The Winner’s Curse in Data-Driven Decision-Making
February 10, 2026 @ 4:00 pm - 5:00 pm
Hamsa Bastani (University of Pennsylvania)
E18-304
Abstract:
Data-driven decision-making relies on credible policy evaluation: we need to know whether a learned policy truly improves outcomes. This talk examines a key failure mode—the winner’s curse—where policy optimization exploits prediction error and selection, producing optimistic, often spurious performance gains.
First, we show that model-based policy optimization and evaluation can report large, stable improvements even when common “reassurances” from the literature hold: training data come from randomized trials, estimated gains are large, and predictive models are accurate, well-calibrated, and stable. We give theoretical constructions where true improvements are zero yet predicted gains are substantial. We illustrate these pitfalls in a simulation study inspired by refugee matching, where widely-used model-based evaluation projects large employment gains of over 60% even when the ground truth effect is zero.
Second, we argue that avoiding this optimism pushes us toward model-free off-policy evaluation—but its variance can be prohibitive, making naïve “optimize then evaluate” pipelines unreliable. To this end, we introduce inference-aware policy optimization, which anticipates downstream model-free evaluation by optimizing both estimated performance and the probability that the estimated improvement will pass a significance test on held-out data. We characterize the Pareto frontier of this tradeoff and provide an algorithm to estimate it, enabling policies that are not only promising, but also testable.

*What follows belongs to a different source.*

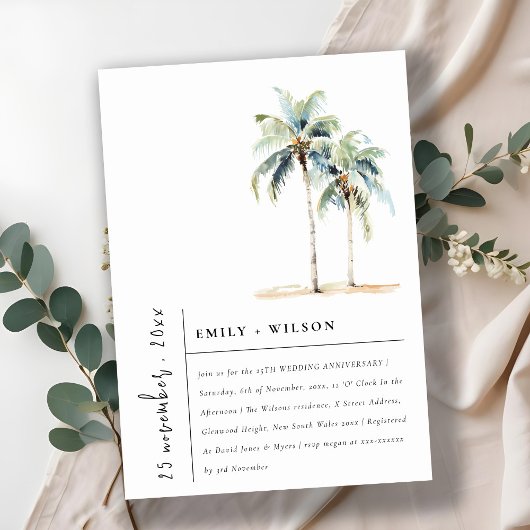 Invitation Mini palmiers Mariage tropical Anniversaire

Joint work with Osbert Bastani and Bryce McLaughlin.
Bio:
Hamsa Bastani is an Associate Professor of Operations, Information, and Decisions at the Wharton School, University of Pennsylvania. Her research focuses on developing novel machine learning algorithms for data-driven decision-making, with applications to healthcare operations, social good, and revenue management. Her work has received several recognitions, including the Wagner Prize for Excellence in Practice (2021), the Pierskalla Award for the best paper in healthcare (2016, 2019, 2021), the Behavioral OM Best Paper Award (2021), as well as first place in the George Nicholson and MSOM student paper competitions (2016). She previously completed her PhD at Stanford University, and spent a year as a Herman Goldstine postdoctoral fellow at IBM Research.